I intended 2.2 to 2.3 to a be a major change, and also didn't think hard enough about depreciation policies, my bad.
In order to fix the bug mentioned in #46, I had to change the data structure used to compute the WER. Your pipeline now needs to end with the ReduceToListOfListOfWords
transform.
Do you have some unit tests over your pipeline?

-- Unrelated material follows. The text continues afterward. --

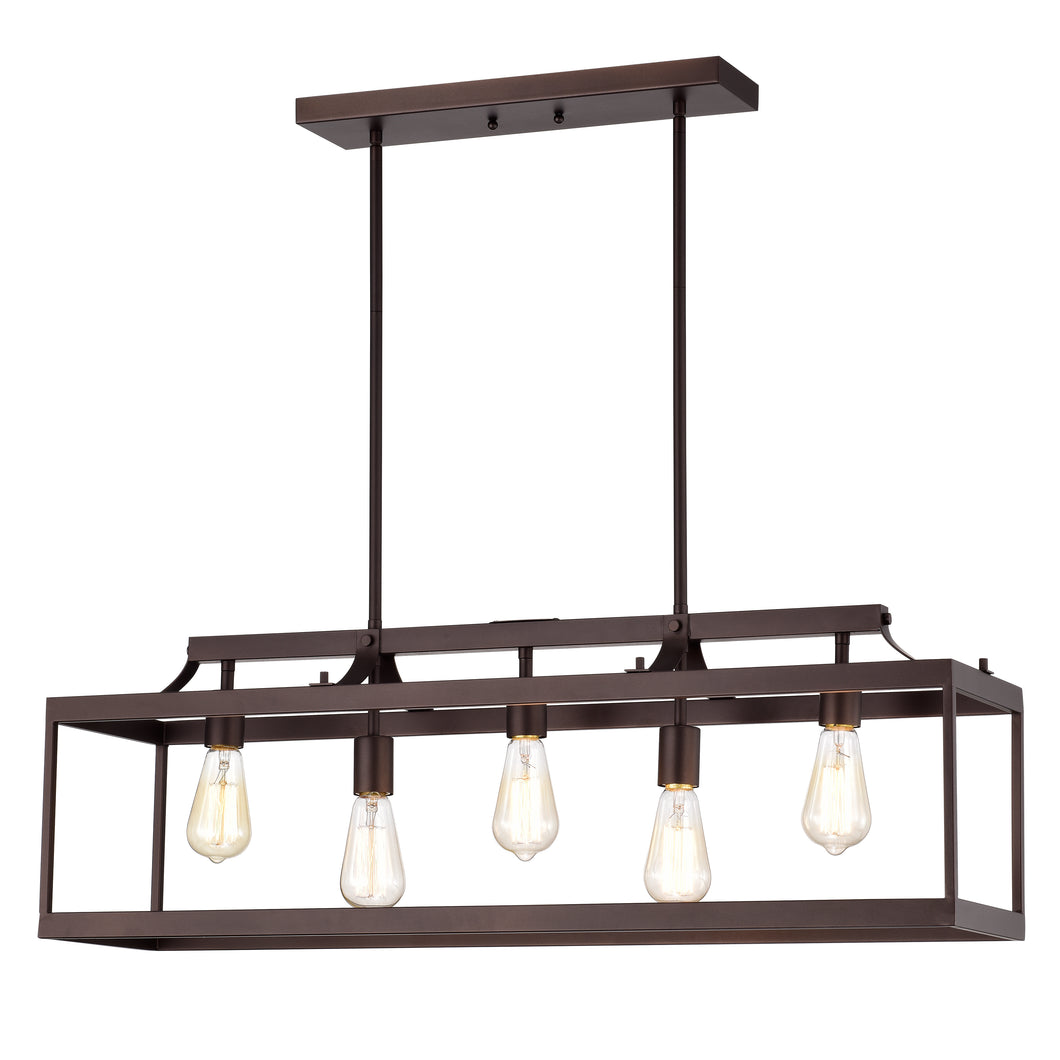 RADIANCE goods Industrial 5 Light Oil Rubbed Bronze Island Pendant 36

I think the following should lead to the same WER:
pipeline = []
pipeline.append(jiwer.ToLowerCase())
pipeline.append(jiwer.RemoveWhiteSpace(replace_by_space=True))
pipeline.append(jiwer.RemoveMultipleSpaces()) # note, I believe this must come after RemoveWhiteSpace(True)
pipeline.append(jiwer.RemoveSpecificWords(word_list.split(",")))
pipeline.append(jiwer.RemovePunctuation())
pipeline.append(jiwer.Strip())
pipeline.append(jiwer.RemoveEmptyStrings())
pipeline.append(jiwer.ReduceToListOfListOfWords(word_delimiter=" "))
return jiwer.Compose(pipeline)
from jiwer.
Thanks for the suggestion, I will try it out.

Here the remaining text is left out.